* [Goal of the exercise]
In the listing, locate the line containing "thumbnail image 1", then quote it and all following lines exactly. Omit pictures.

* [Supplied information]
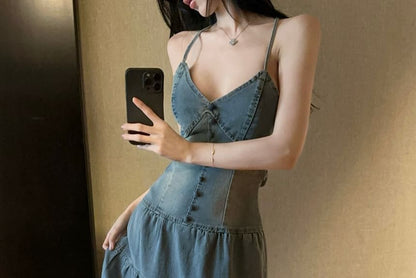 Spaghetti Strap V Neck Washed Tiered Tie Back Denim A-Line Dress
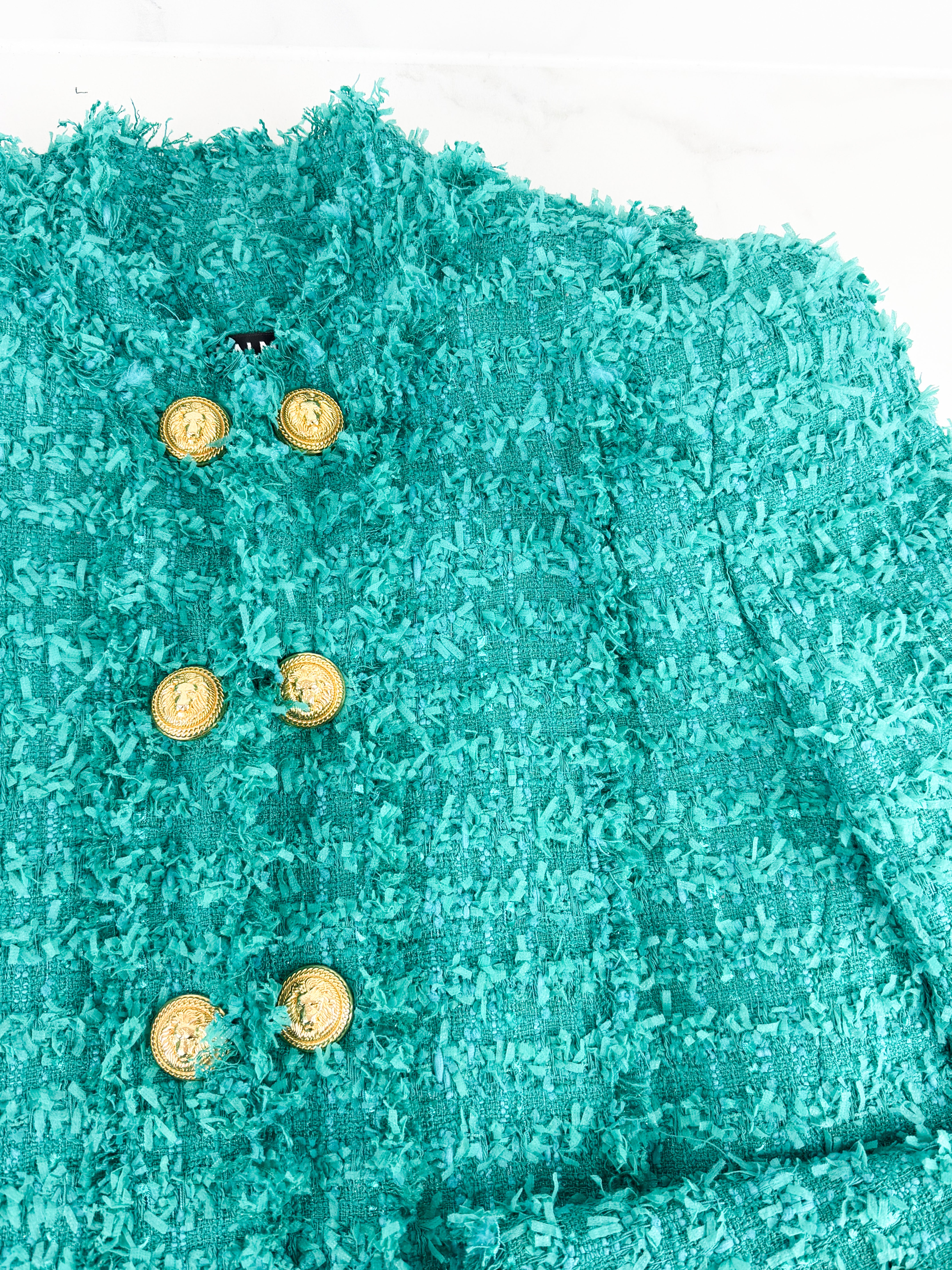 Balmain Teal Button Embellished Set Size 42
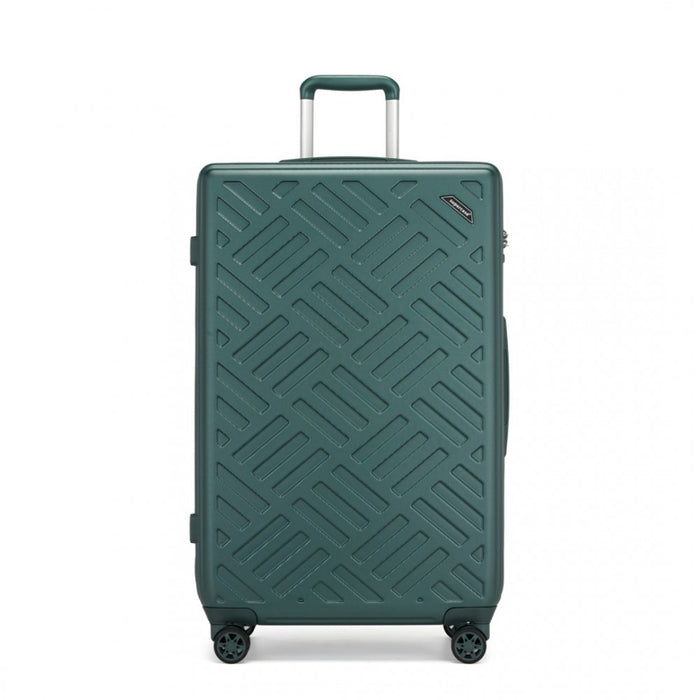 KSS2495 - Supercase 28 Inch Sleek Geometric Pattern Hard Shell ABS+PC Check-In Suitcase with TSA Lock for Effortless Travel - Military Green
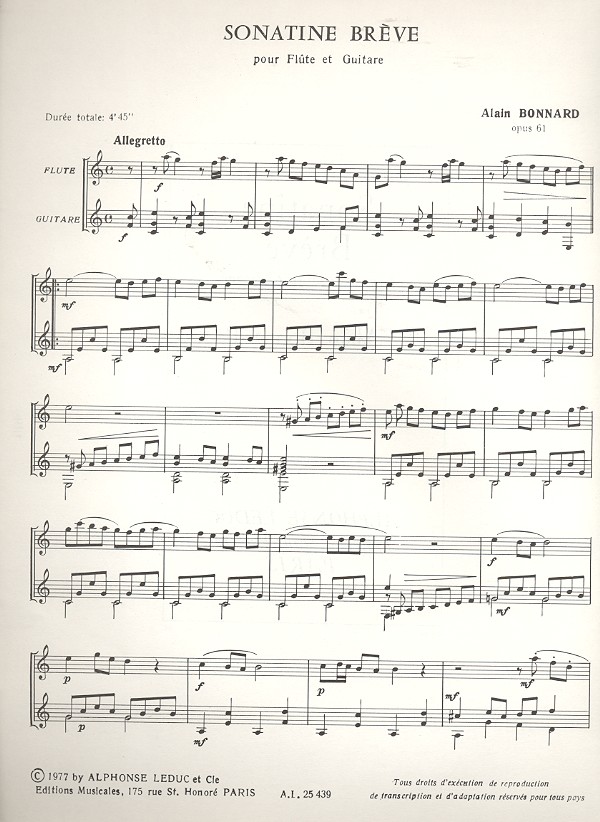 Sonatine brève op.61 pour flûte et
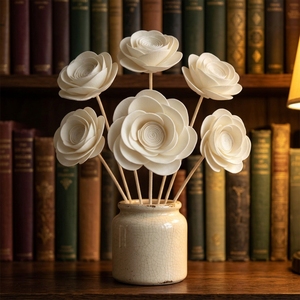 Fleur <span class=keywords><strong>de</strong></span> <span class=keywords><strong>rose</strong></span> en <span class=keywords><strong>bois</strong></span> <span class=keywords><strong>de</strong></span> Sola faite à la main <span class=keywords><strong>de</strong></span> 8 cm, blanche naturelle, fleur artificielle en <span class=keywords><strong>bois</strong></span> <span class=keywords><strong>de</strong></span> Sola pour la décoration <span class=keywords><strong>de</strong></span> mariage et <span class=keywords><strong>de</strong></span> la maison - Product Image 5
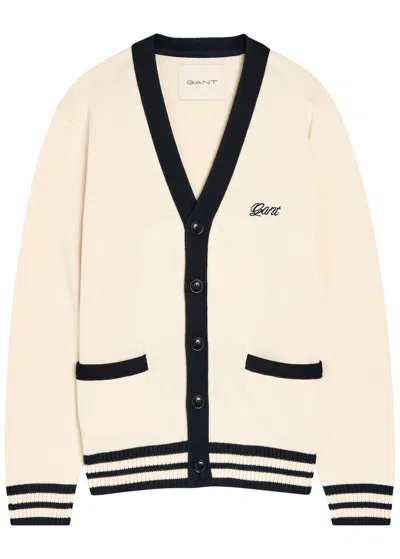 Gant Logo-embroidered Cotton-knit Cardigan In White
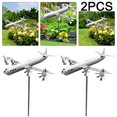 thumbnail image 1 of JShteea Molino Viento Avión Metal Spinners Viento Decoraciones Jardín Al Aire Libre 2 Uds., 1 of 8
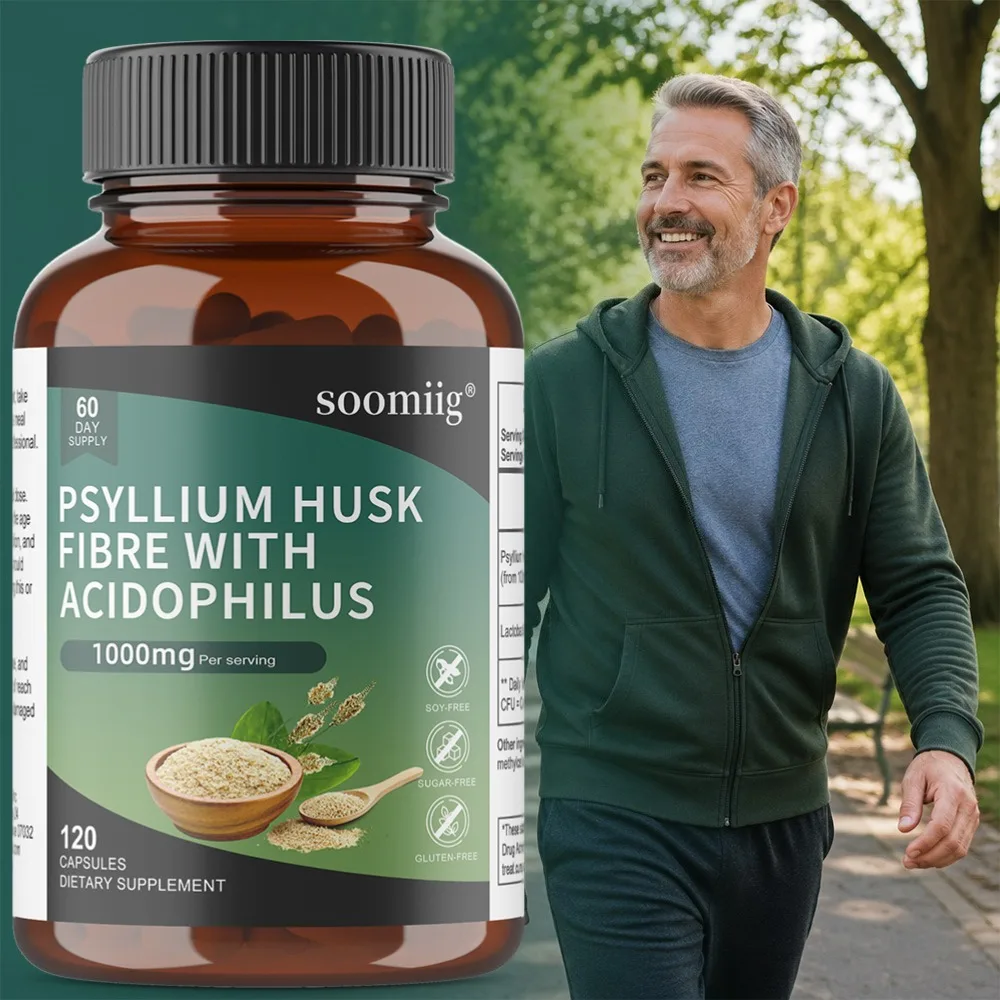 

Fiber Supplement Psyllium Husk 1000mg with Lactobacillus Acidophilus - High Strength, 120 Vegetarian Capsules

* [Answer to the problem]
 thumbnail image 1 of JShteea Molino Viento Avión Metal Spinners Viento Decoraciones Jardín Al Aire Libre 2 Uds., 1 of 8

Fiber Supplement Psyllium Husk 1000mg with Lactobacillus Acidophilus - High Strength, 120 Vegetarian Capsules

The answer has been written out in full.